Monday, January 23, 2006

election

It may have passed the attention of some that Canadians have been voting today. Not all of them, mind you: Craig of theoria and RIPope of Long Sunday have both made clear that they have better things to do. Or rather, that they are holding out for such better things. In RIPope's words:
it is precisely because I feel so much pathos that I won’t just make myself feel a bit better by voting. I’m willing to suffer this hell for the sake of something Other.
There are, on the other hand, two scare stories circulating to encourage people to the polls.

One, much promulgated by the Liberal party, is that the election of Stephen Harper's rejuvenated Conservative party would mean the rise of American-style neoconservatism; Harper would be "Bush lite." This warning worked well enough at the last federal election, in June 2004, when a swing away from the Conservatives in the final few days of the campaign ensured the Liberals would have enough support to form at least a minority government. Subsequent revelations of Liberal corruption, however, mean that fewer are now persuaded that they are a much lesser evil than the Conservatives.

The other scare story, a version of which can be found in Dave Pollard's "Mulroney's Revenge", is that this election could mean the end of Canada. Unable to win a clear majority themselves, the Conservatives will form an unholy alliance with the Bloc Quebecois. The alienated West (the Conservatives' power base) and the alienated Francophones will together conspire if not to the physical and geographical break-up of the nation, at least to gut the Federation of all power.

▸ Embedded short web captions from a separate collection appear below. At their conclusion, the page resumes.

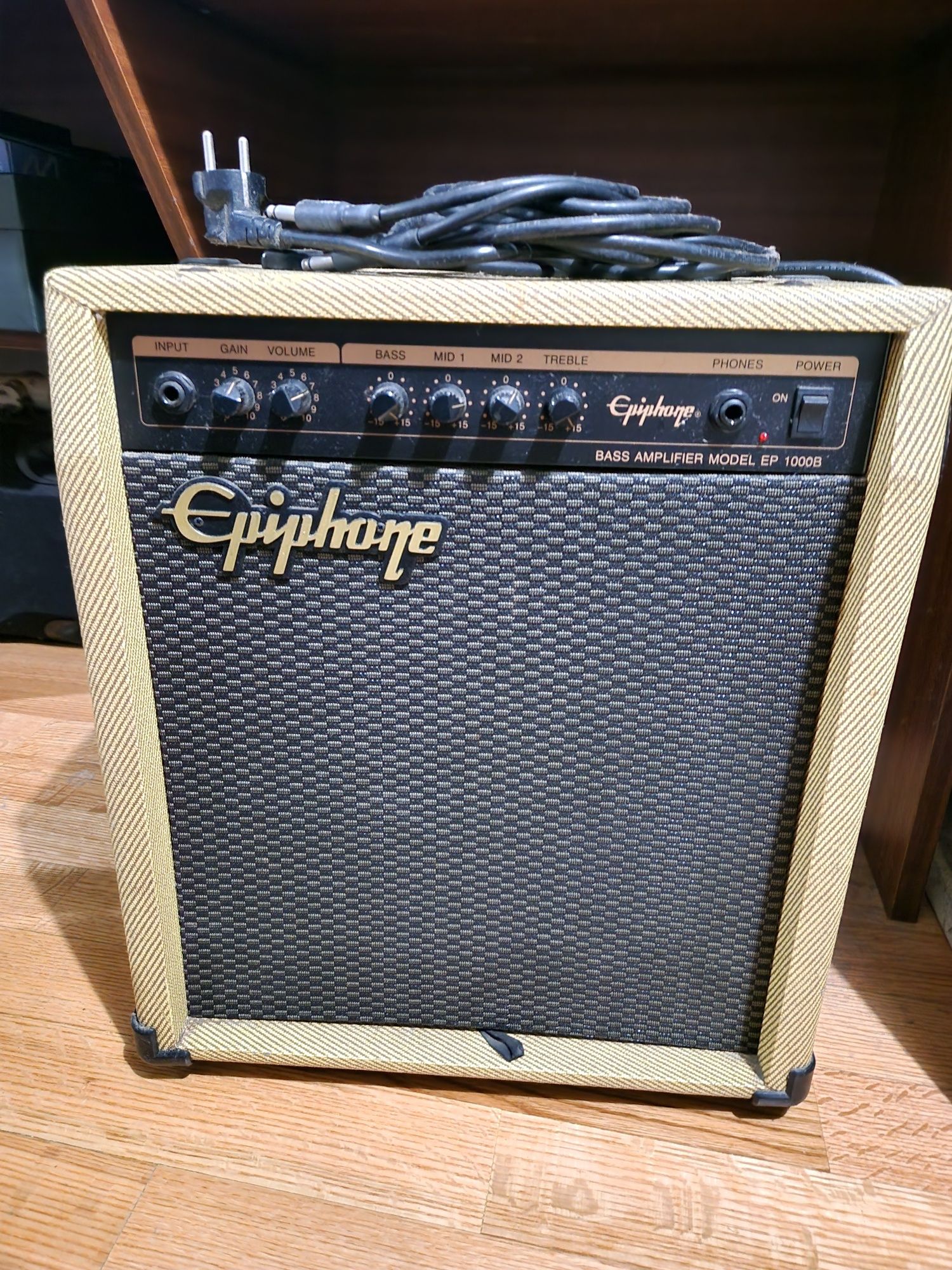 Amplificador Epiphone EP 1000B (baixo)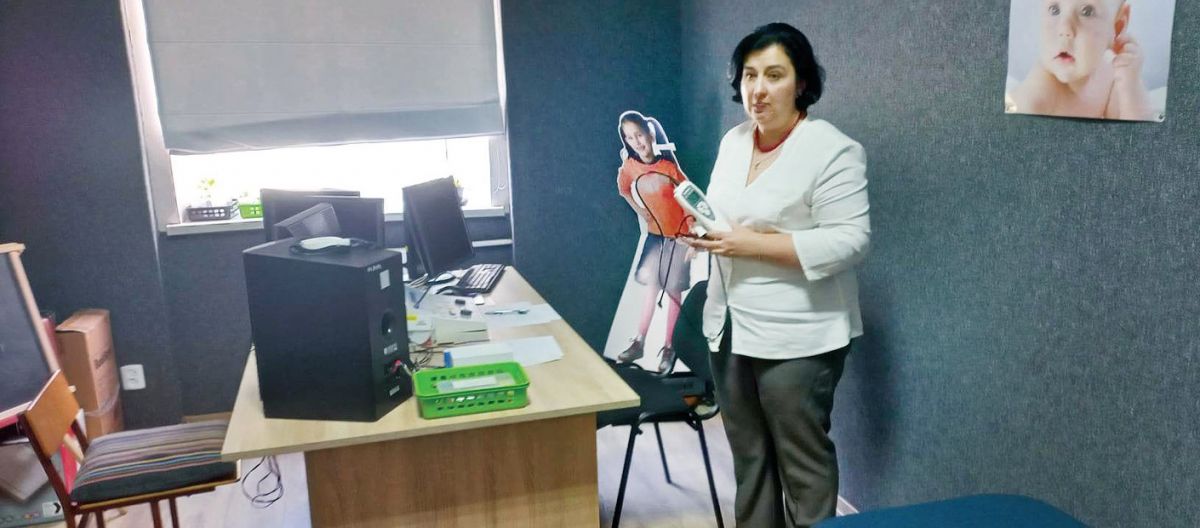 Вчитель-дефектолог та сурдопедагог Ганна Стасюк показує обладнання, за допомогою якого у школі перевіряють слух.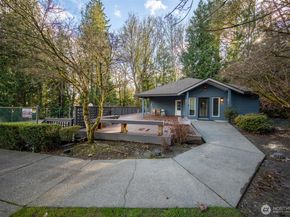 15917 Waynita Way NE E206, Bothell WA 98011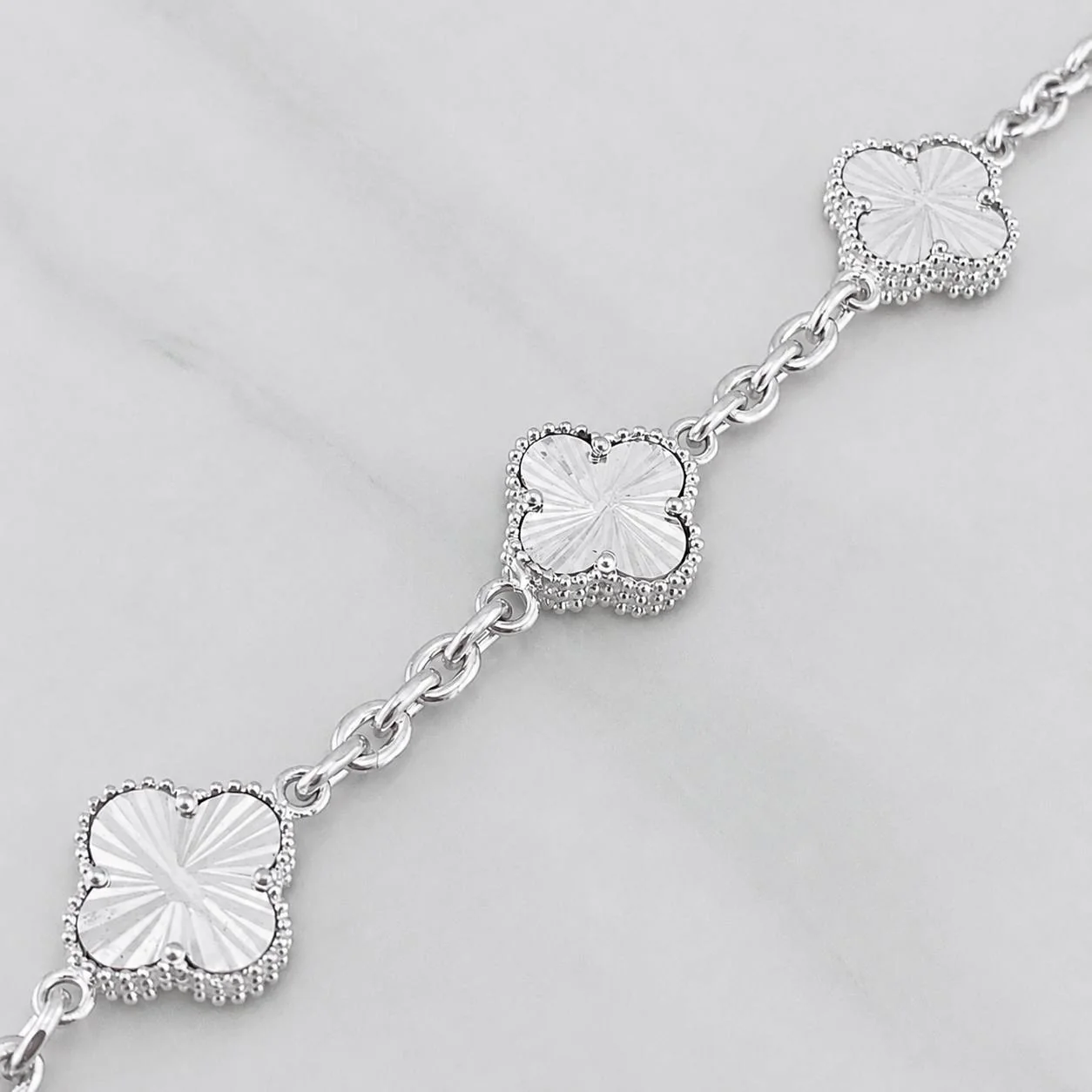 Pulso Aro Seguido Trebol 17.1g / 21cm / 3mm Plata 925 - Image 3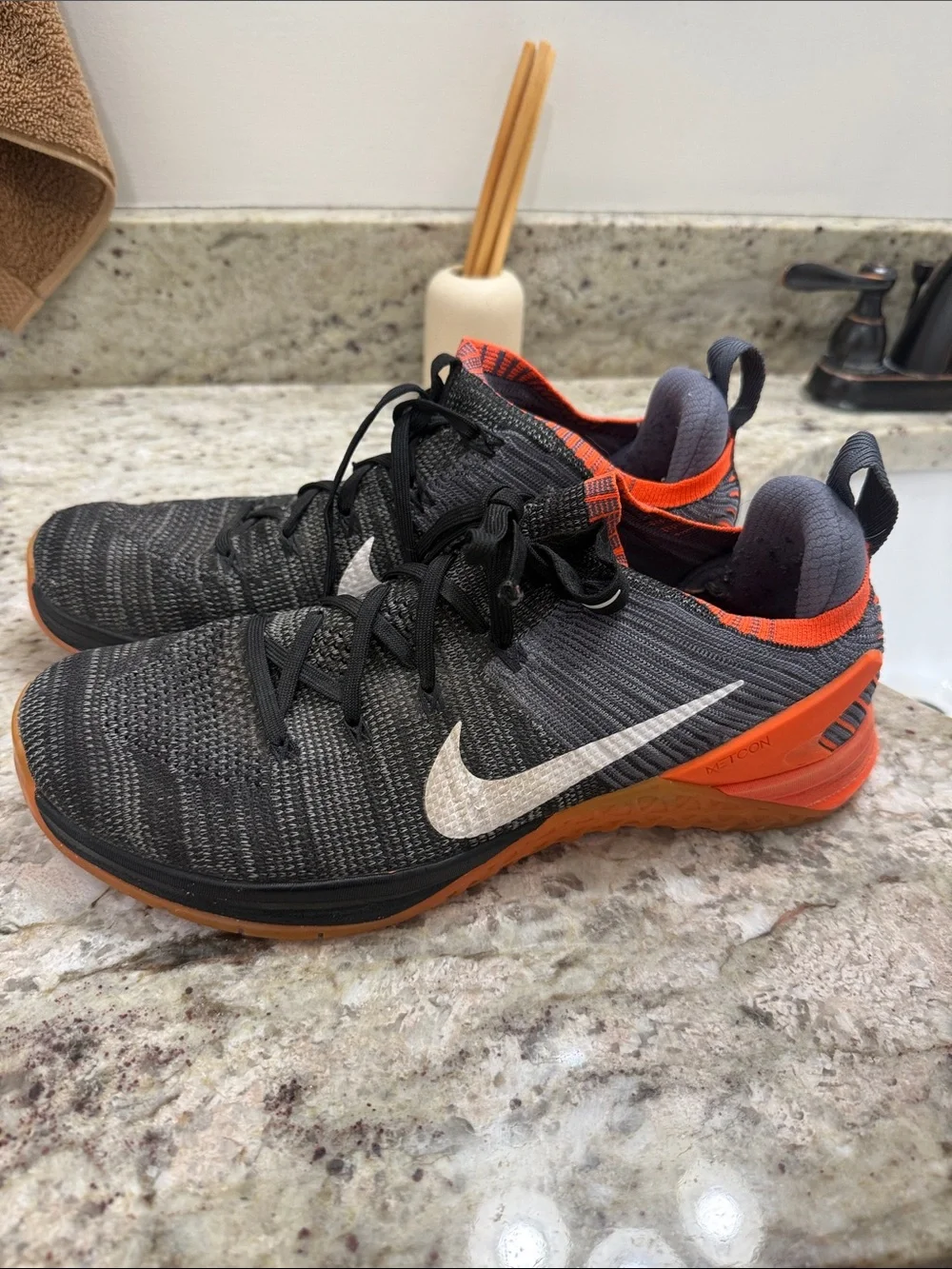 Nike Men’s metcon Black & Orange Athletic Training Shoes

But both scare stories are, in essence, one and the same: they prey on the fear of becoming American. In Pollard's words:
We will then be America Lite -- still bristling at the thought that we're just like Americans, but with our assets even more substantially owned by Americans than they are today, an economic colony with the fading illusion of relevant political independence. Instead of being the potential role model for the 21st century, we will be the country of great promise that was never realized.
This is a theme that obsesses Canadian pundits and commentators. Here, plucked almost at random, is another example, taken from one Rafe Mair and his two-part story, "Why Canada is Unraveling Again" and "How to Deal with our Next Unity Crisis":
The country teeters on the chasm of national disintegration and the federal government and indeed opposition act as if nothing is happening for fear that simply by admitting that there's a problem will itself encourage a bad result.
The irony is that to avoid becoming American, the only solution these anxious nationalists can devise is to be a little more American:
I think it useful to look at how the Americans did it in 1787 when, with equal representation from all states, large and small, they came up with what is unquestionably the best constitution ever made.
How to be like the US, without exactly being the US? How to be "America lite" without quite being (perceived as?) America lite? That seems to be the question around which much of contemporary Canadian politics turns.

Which is hardly a question that would get me up and running to a ballot box.

And surely, as Craig notes, the refrain of "Well, at least we aren't American!", the more or less smug fetishization of small differences, hinders rather than helps any real political analysis.